Azrael, Samara Weaving‘s latest entry in the horror genre, will bow in theaters this fall. The film will premiere exclusively in theaters on September 27. Deadline reports that IFC Films and Shudder have acquired the North American rights to Azrael; Shudder will stream the film later in the year.

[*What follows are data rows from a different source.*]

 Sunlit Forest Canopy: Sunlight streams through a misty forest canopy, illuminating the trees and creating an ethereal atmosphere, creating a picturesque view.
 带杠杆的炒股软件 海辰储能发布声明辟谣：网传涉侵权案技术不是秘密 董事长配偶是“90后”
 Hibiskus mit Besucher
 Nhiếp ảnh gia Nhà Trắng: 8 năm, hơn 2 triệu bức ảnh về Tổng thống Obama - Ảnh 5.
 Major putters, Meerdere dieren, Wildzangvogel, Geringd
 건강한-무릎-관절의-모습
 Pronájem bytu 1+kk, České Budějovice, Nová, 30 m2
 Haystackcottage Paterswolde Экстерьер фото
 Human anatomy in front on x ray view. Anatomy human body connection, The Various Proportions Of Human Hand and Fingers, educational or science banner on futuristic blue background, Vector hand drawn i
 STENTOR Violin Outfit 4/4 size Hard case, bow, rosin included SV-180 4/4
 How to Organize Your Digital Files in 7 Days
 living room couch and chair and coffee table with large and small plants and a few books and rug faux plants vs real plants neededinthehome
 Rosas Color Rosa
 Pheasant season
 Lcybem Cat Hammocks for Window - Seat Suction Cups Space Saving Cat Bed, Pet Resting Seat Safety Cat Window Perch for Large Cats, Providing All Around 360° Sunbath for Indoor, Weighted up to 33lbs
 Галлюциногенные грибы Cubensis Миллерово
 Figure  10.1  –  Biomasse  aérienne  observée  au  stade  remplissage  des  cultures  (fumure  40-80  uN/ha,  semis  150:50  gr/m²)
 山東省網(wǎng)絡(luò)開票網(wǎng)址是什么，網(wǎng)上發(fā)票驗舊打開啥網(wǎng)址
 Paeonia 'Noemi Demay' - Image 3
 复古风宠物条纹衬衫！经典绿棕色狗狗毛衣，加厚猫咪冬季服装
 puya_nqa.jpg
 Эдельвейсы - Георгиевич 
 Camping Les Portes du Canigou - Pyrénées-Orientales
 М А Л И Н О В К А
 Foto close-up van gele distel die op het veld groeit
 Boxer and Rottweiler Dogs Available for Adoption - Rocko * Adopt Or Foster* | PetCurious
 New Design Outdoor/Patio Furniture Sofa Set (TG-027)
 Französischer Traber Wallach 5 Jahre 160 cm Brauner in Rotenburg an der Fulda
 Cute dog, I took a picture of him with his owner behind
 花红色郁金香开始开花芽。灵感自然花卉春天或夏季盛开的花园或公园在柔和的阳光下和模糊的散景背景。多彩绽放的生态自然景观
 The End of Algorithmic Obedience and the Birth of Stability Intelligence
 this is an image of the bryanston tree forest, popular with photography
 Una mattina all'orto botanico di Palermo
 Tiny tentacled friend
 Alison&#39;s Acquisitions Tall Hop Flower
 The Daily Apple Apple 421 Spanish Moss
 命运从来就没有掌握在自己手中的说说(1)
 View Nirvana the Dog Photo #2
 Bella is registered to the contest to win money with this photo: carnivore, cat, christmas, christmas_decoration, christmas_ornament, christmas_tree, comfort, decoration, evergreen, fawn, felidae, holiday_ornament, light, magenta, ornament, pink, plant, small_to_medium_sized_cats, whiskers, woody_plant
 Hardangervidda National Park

Azrael takes place in a mysterious post-apocalyptic world where nobody speaks. Weaving plays Azrael, a young woman who has escaped from a fundamentalist community. They wish to sacrifice her to stave off the ancient evils that dwell within the woods – but she has other ideas. The film also stars Femme‘s Nathan Stewart-Jarrett. Azrael comes with a horror pedigree; director E.L. Katz previously helmed the black comedy thriller Cheap Thrills, while screenwriter Simon Barrett is a frequent collaborator with Adam Wingard, having penned You’re Next, The Guest, and Blair Witch. Says Katz, “I couldn’t be more thrilled to have Azrael released by our good friends at Shudder/IFC. Their support of wild, uncompromising genre films is unparalleled. We are so excited to invite all horror fans along for this mysterious, gruesome, hellish, Samara Weaving ass-kicking marathon.”
Who Is Samara Weaving?
The niece of character actor Hugo Weaving, Samara Weaving made her screen debut in her native Australia on the TV drama Out of the Blue, and later moved on to the long-running soap opera Home and Away. She made her big-screen American debut with Monster Trucks, and has become a familiar presence on the big and small screens, starring in Three Billboards Outside Ebbing, Missouri, Nine Perfect Strangers, Bill and Ted Face the Music, and Babylon. Weaving has established herself as a “scream queen” with a number of prominent horror roles, most famously as a blood-spattered bride-to-be in Radio Silence‘s Ready or Not; she has also appeared in Mayhem, The Babysitter, Scream 6, and the TV series Ash vs. Evil Dead. Next up for Weaving is the thriller Borderline, alongside Eric Dane and Alba Baptista, and the heist comedy Eenie Meanie, with Karl Glusman and Andy Garcia. She is also slated to star in the single-camera Netflix comedy Little Sky, which she will also executive produce.
Azrael premiered at the South By Southwest Film Festival earlier this year; in his review, Collider‘s Matt Donato praised Weaving‘s largely-silent performance, remarking that she “carries Azrael without speaking as much as a whimper”. It will also screen at Montreal’s Fantasia Film Festival next month.
Azrael will premiere in theaters on September 27, 2024, and will bow on Shudder later in the year.